» About this exercise: Write out all of the records precisely. Skip anything that is a picture.

○ ○ ○ ○ ○ ○ ○

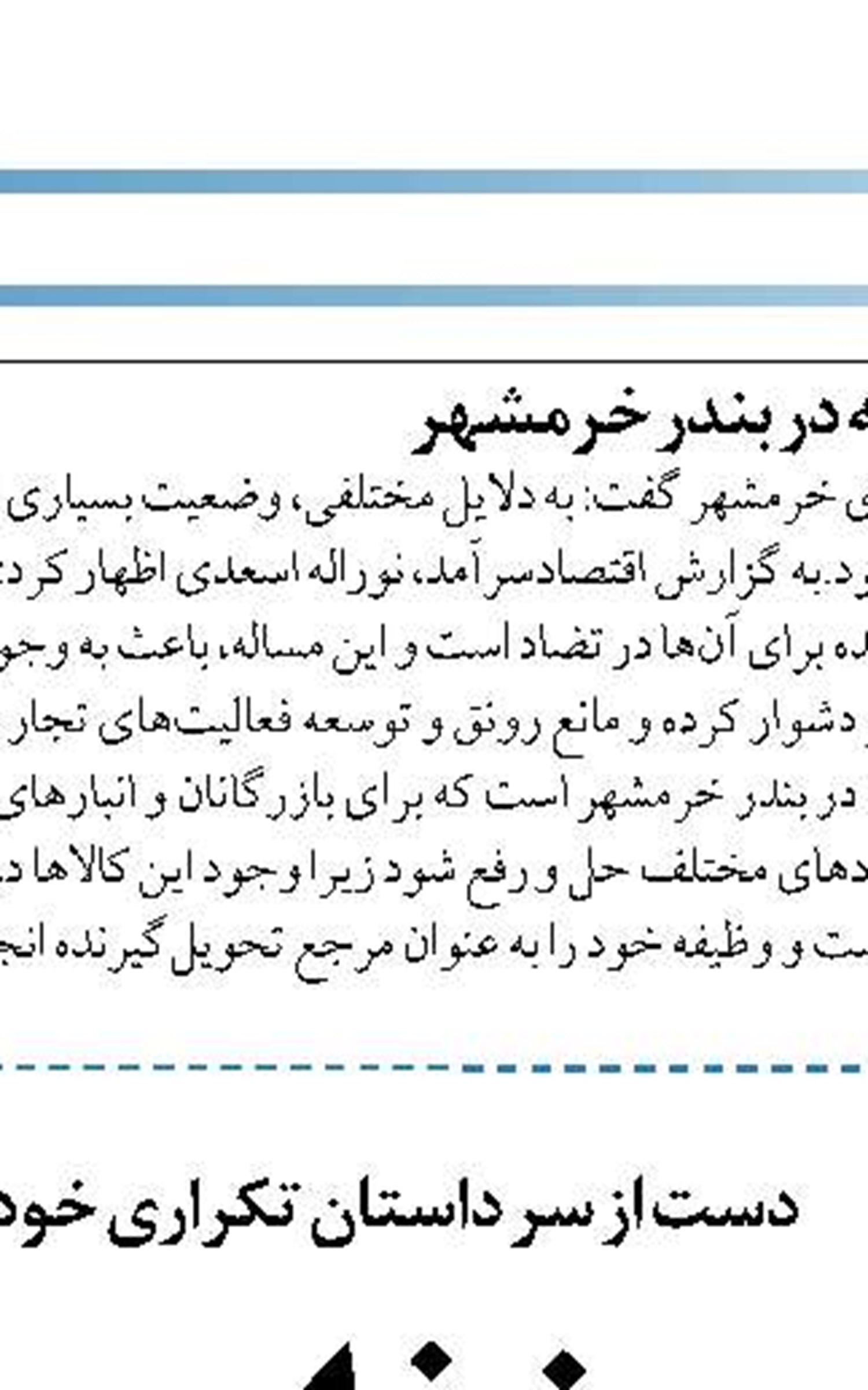 راه اندازی گردشگری در تالاب‌های منتخب ساحلی
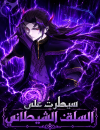 I Took Over the Demonic Ancestor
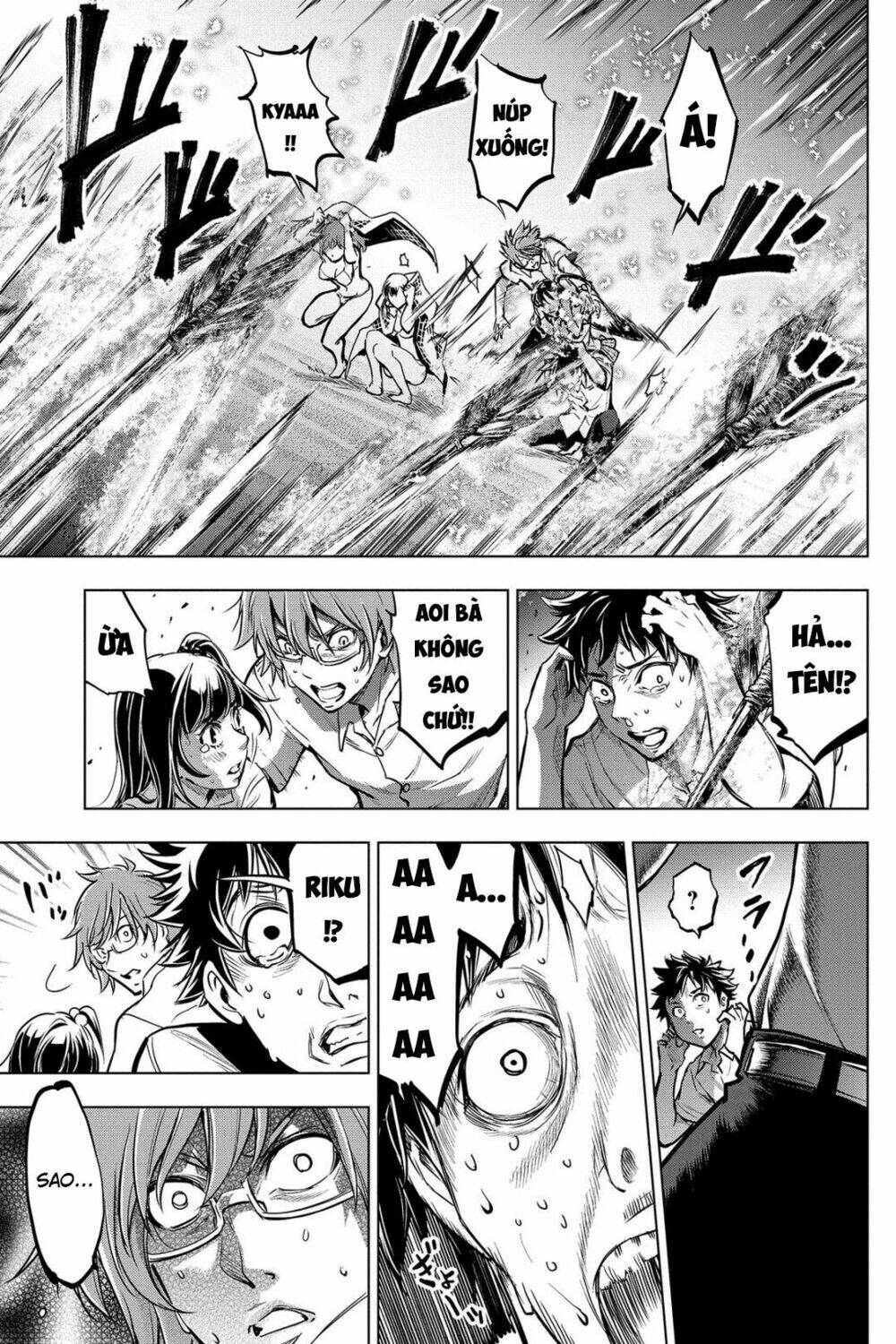 page_21.jpg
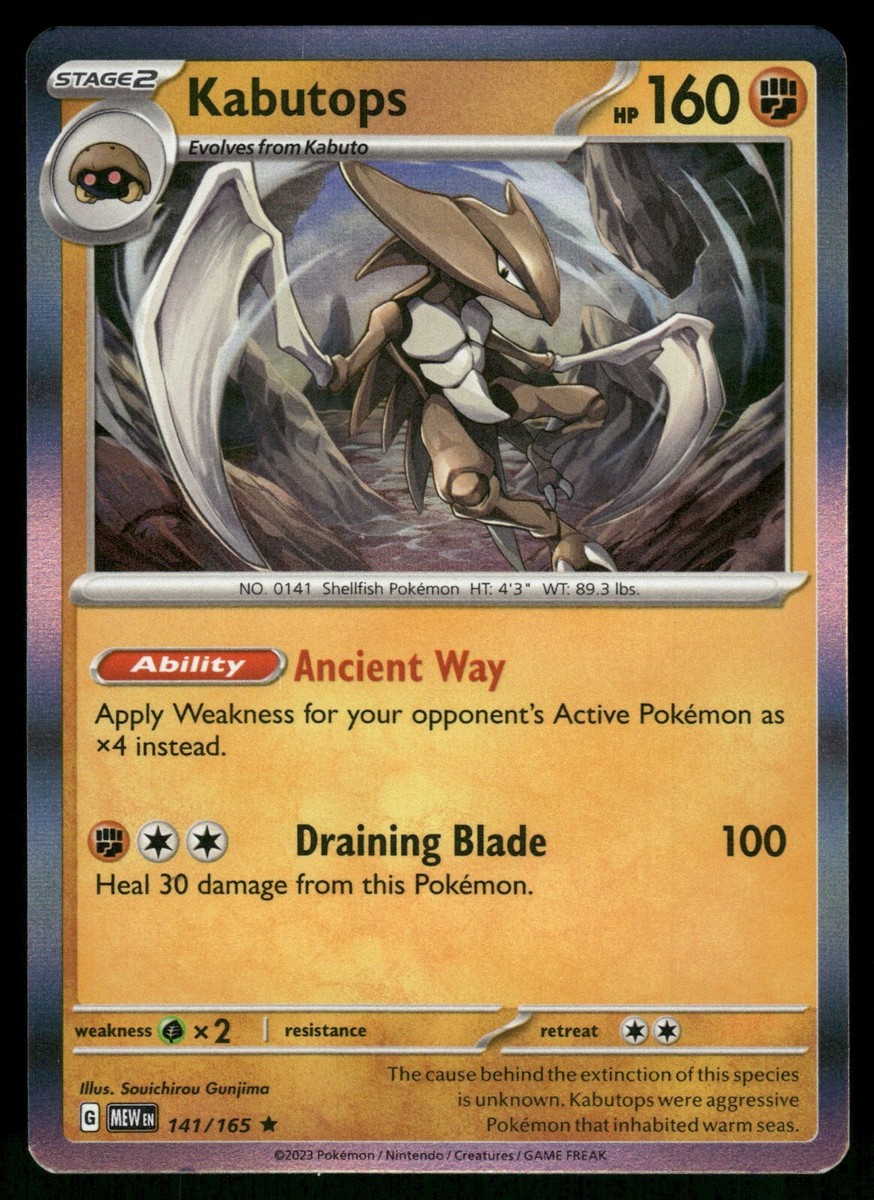 kabutops pokemon card Evolutionary Set - Kabuto & Dome Fossil - Fates Collide 39/124 Gx2 / None / 2 Artist Kabutops Holo NM 141/165 Scarlet
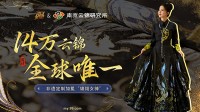 全世界独一无二！定制非物质文化遗产！ 14万豪华云锦冠《魔域》新女神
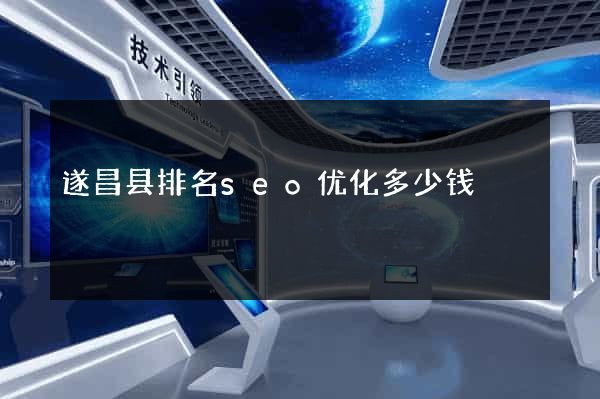 遂昌县排名seo优化多少钱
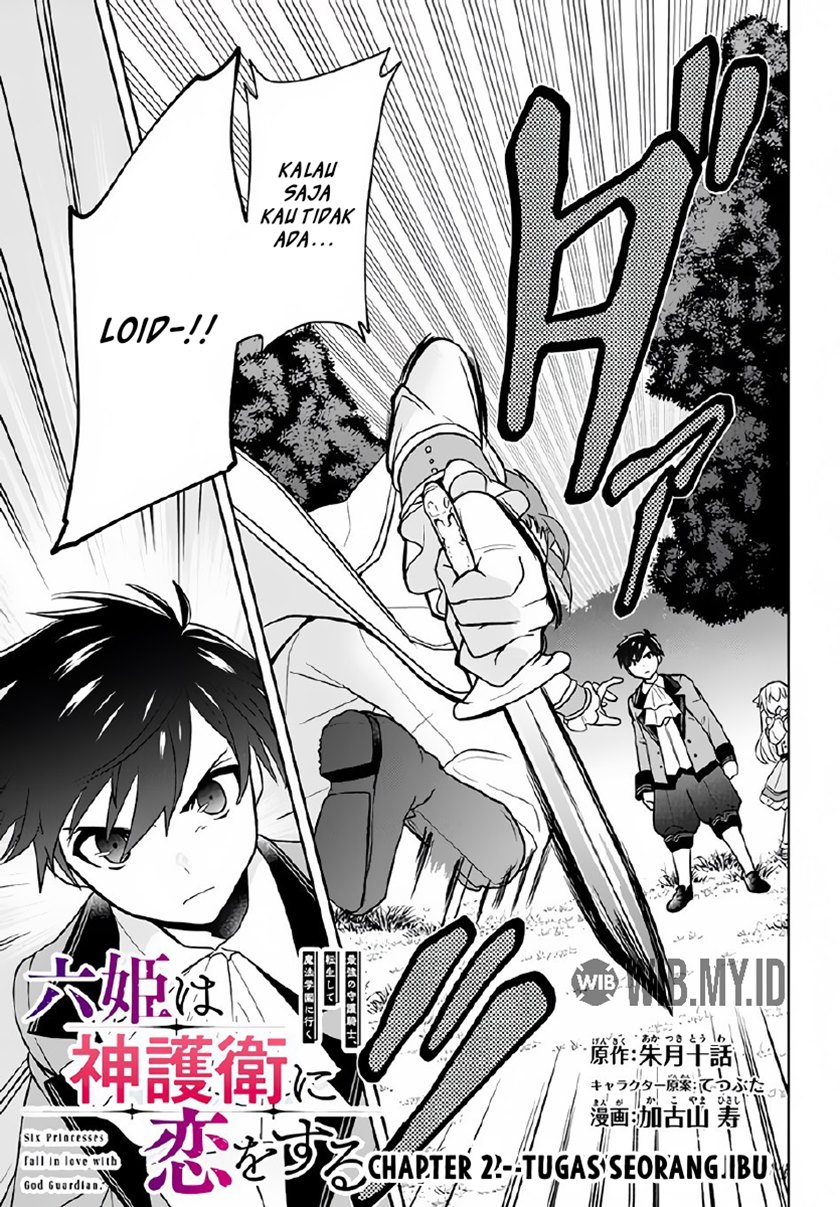 Baca  Six Princesses Fall In Love With God Guardian Chapter 02 Gambar 2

○ ○ ○ ○ ○ ○ ○

» Written response:
 راه اندازی گردشگری در تالاب‌های منتخب ساحلی
 I Took Over the Demonic Ancestor
 page_21.jpg
 kabutops pokemon card Evolutionary Set - Kabuto & Dome Fossil - Fates Collide 39/124 Gx2 / None / 2 Artist Kabutops Holo NM 141/165 Scarlet
 全世界独一无二！定制非物质文化遗产！ 14万豪华云锦冠《魔域》新女神
 遂昌县排名seo优化多少钱
 Baca  Six Princesses Fall In Love With God Guardian Chapter 02 Gambar 2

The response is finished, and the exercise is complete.